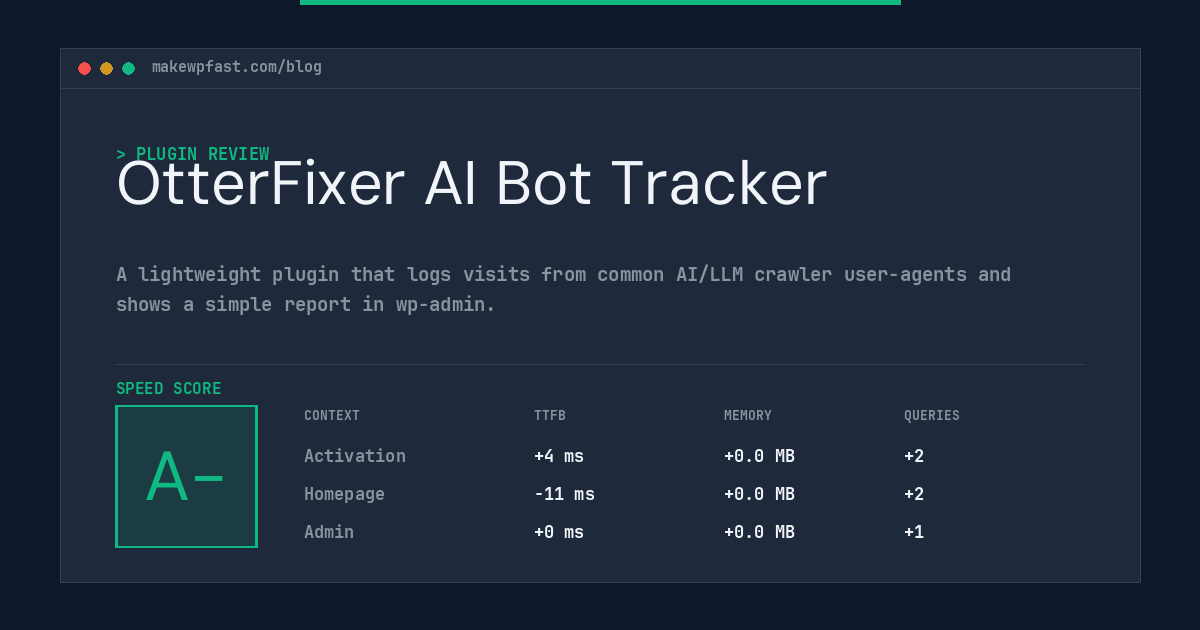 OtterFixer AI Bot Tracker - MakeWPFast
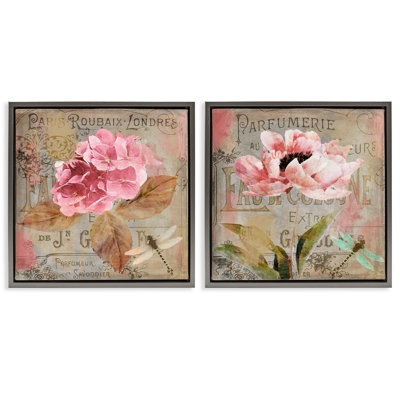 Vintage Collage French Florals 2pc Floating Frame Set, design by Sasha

+ + + + + + +

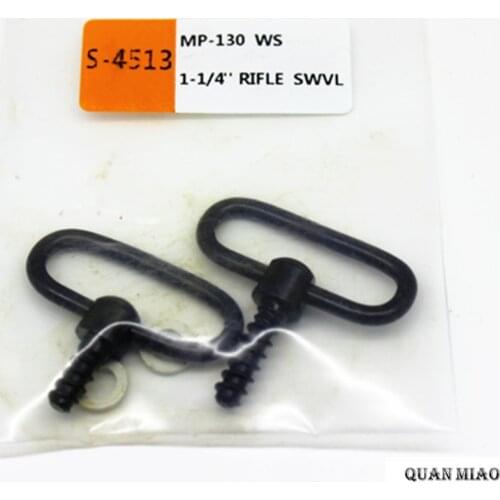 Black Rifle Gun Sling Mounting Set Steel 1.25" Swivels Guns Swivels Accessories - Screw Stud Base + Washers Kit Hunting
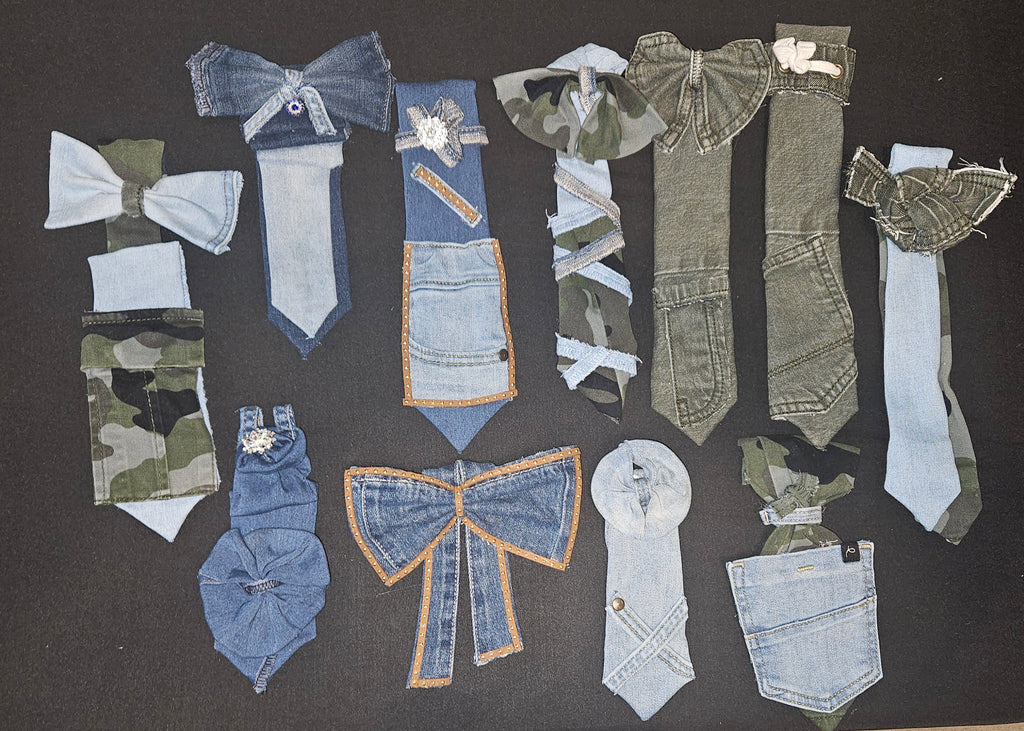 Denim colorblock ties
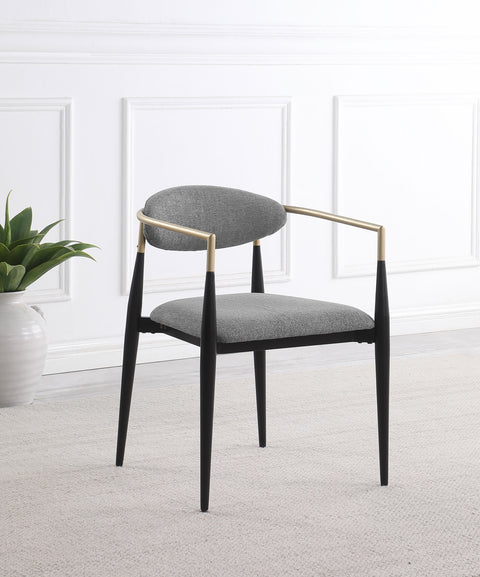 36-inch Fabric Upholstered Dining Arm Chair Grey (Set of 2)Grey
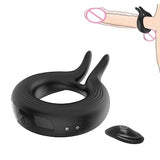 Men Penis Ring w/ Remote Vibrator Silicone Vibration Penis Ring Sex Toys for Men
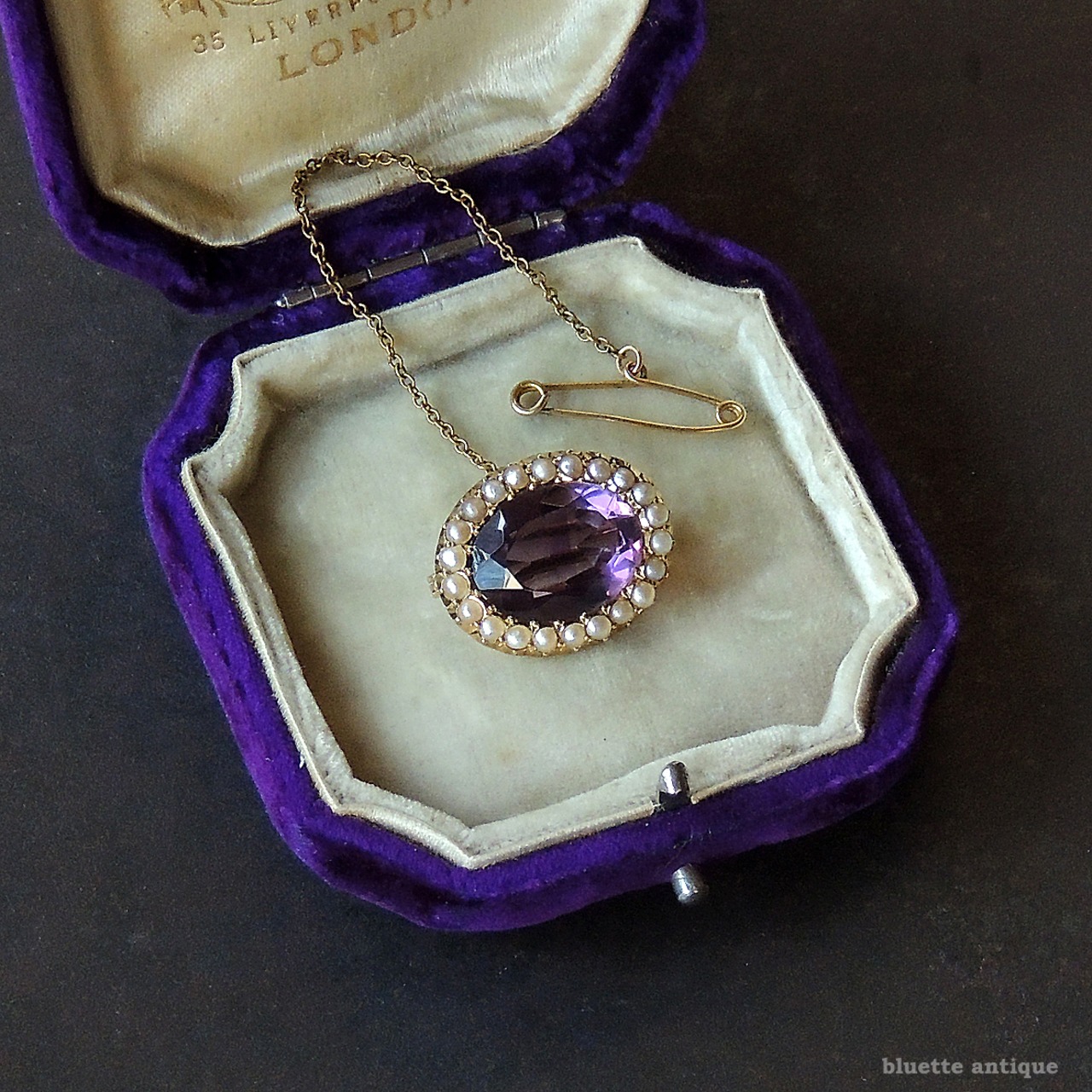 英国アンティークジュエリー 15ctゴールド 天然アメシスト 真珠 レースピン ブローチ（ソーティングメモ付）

+ + + + + + +

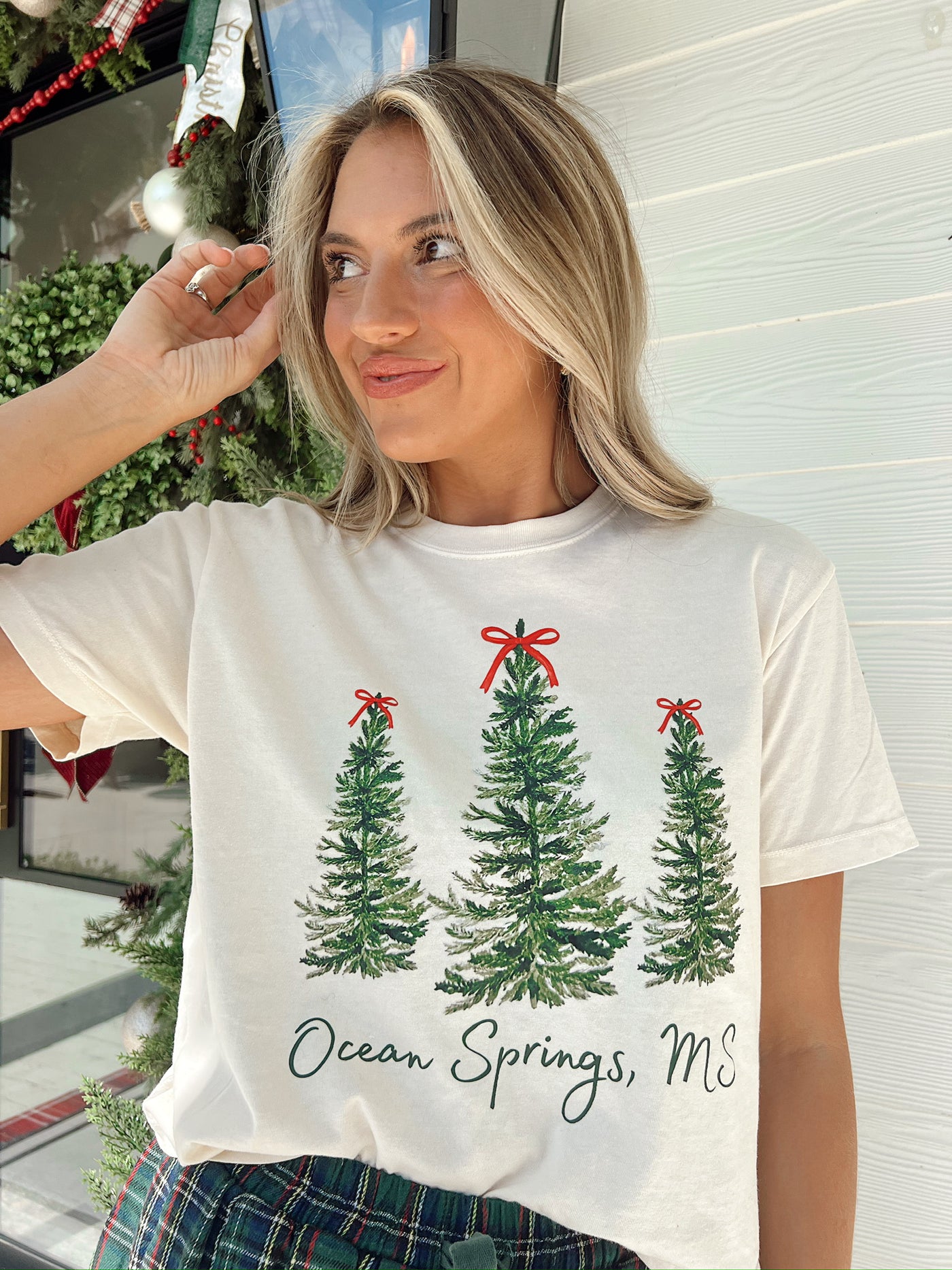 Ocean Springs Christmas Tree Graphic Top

+ + + + + + +

In the listing above, find the line with "OtterFixer AI Bot Tracker - MakeWPFast" and the line with "Vintage Collage French". Copy both of them and every line between, exactly, but not the pictures.

Answer to this task:
 OtterFixer AI Bot Tracker - MakeWPFast
 Vintage Collage French Florals 2pc Floating Frame Set, design by Sasha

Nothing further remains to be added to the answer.